GIn Nielsen CGA Strategy

17 gin producers have teamed up with the WSTA to call for the UK government to freeze spirit duty

The WSTA, along with 21 gin distillers, have written to chancellor Philip Hammond and the secretary of state for Business, Energy and Industrial Strategy, Greg Clark, to raise serious concerns over a planned increase to spirits duty, which will see another 26p added to the price of a bottle.

According to the trade body, gin duties collected in the UK will go up by around £25 million on last year if duty is raised again for the second time this year. During the March budget, Hammond increased spirit duty by inflation at 3.9%, which added 30p to an average priced bottle of spirits.

The increases are part of a government policy planned to last for the duration of this parliament, which means the government is set to rake in £2 billion from British gin over the next five years.

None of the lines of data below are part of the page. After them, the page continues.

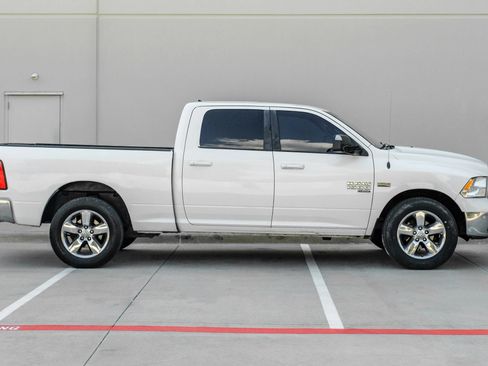 Used 2019 RAM 1500 Big Horn AWD/4WD image 3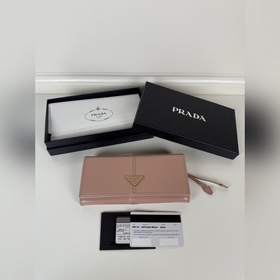 Prada 女士翻蓋皮夾，型號1MH132，粉色，進口油臘牛皮制作，原單品質，尺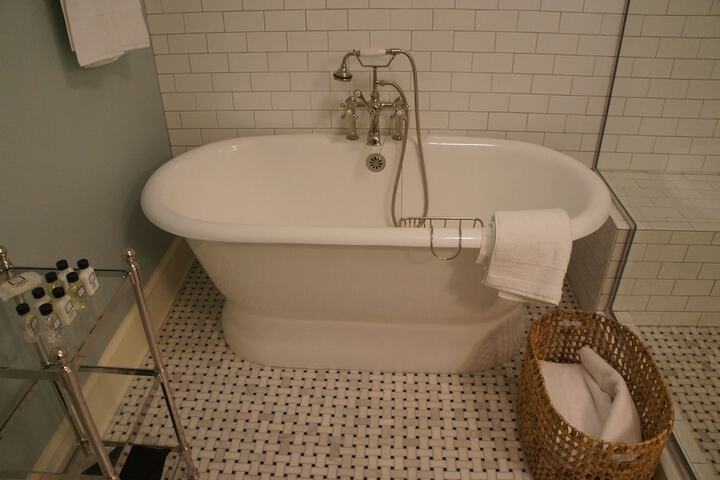 Room 10 of 21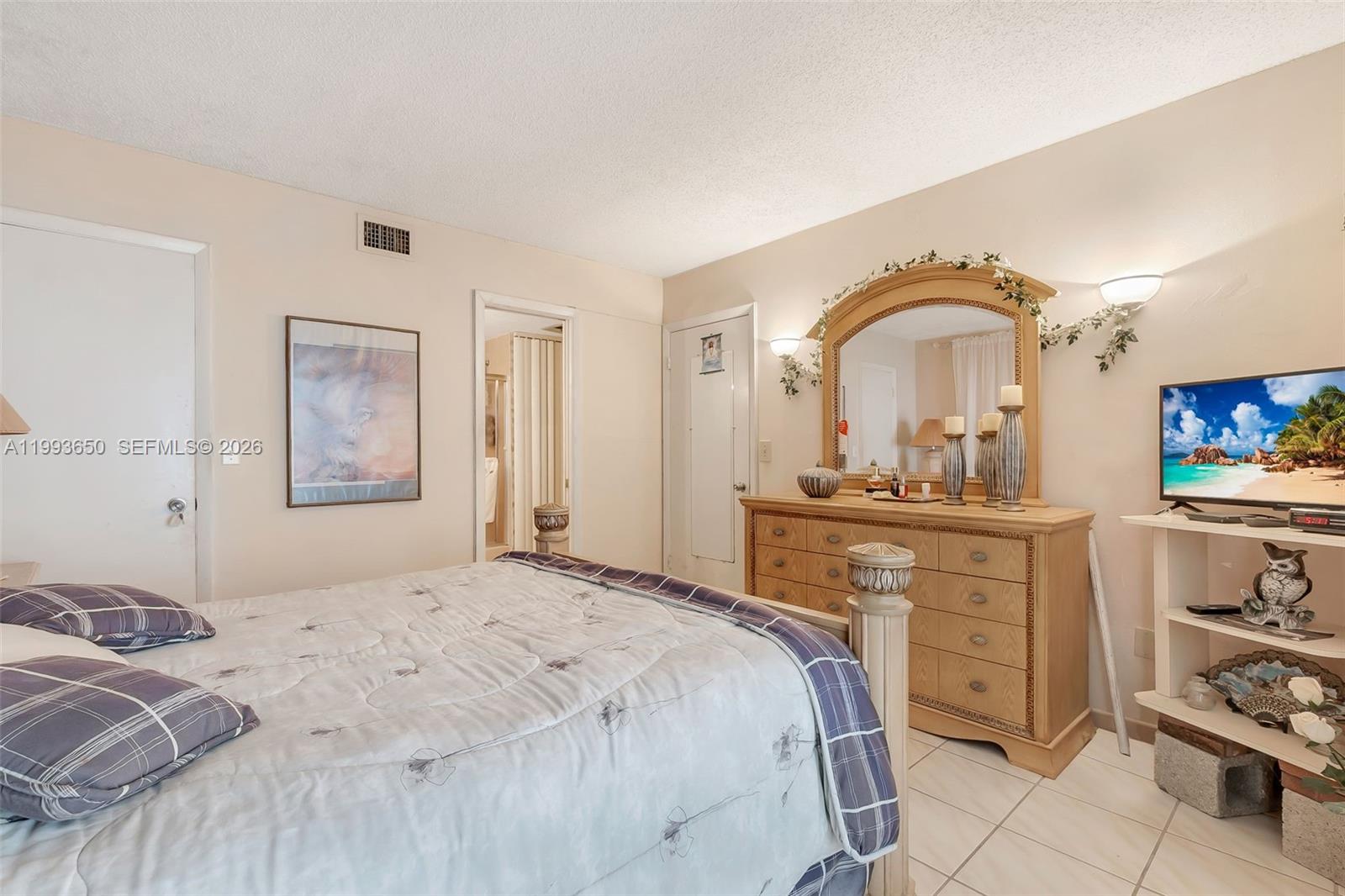 SHEMART VILLAS CONDO - Residential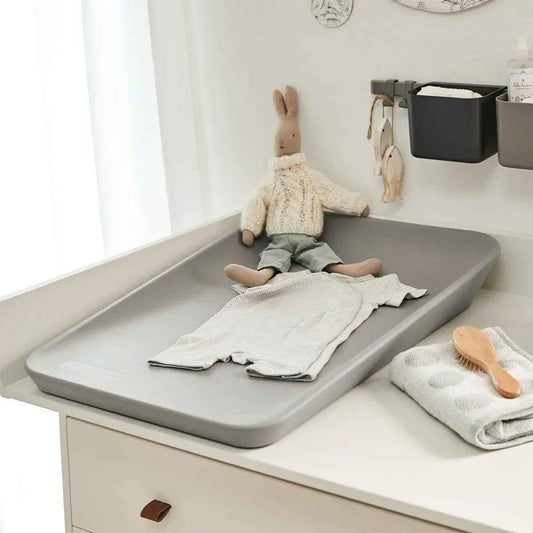 Leander - Previjalna podloga Matty™ Pearl Grey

The WSTA has calculated that if the government goes ahead with duty hikes, then tax on a bottle of gin will go up by over a pound from £8.05 in 2017 to a predicted £9.13 by 2021.

Gin distillers are warning that the tax burden will “stifle the growth” of start-up producers.

“In 2016 Summerhall Distillery paid 31% of its annual turnover in duty alone. Our bottles retail at £29.95 which means that 45% of the money spent on a bottle of Pickering’s gin goes on duty and VAT,” said Matthew Gammell, co-founder of Pickering’s Gin.

“These hugely unfair tax burdens mean that cash flow is severely restricted when a business like ours is trying to grow. The current proposed increase in duty of 3.4% would mean an increase in duty of £24,500 which for us is the equivalent of another employee. We would like to continue to grow and help boost the British economy but it is becoming increasingly tough to remain competitive in the marketplace.”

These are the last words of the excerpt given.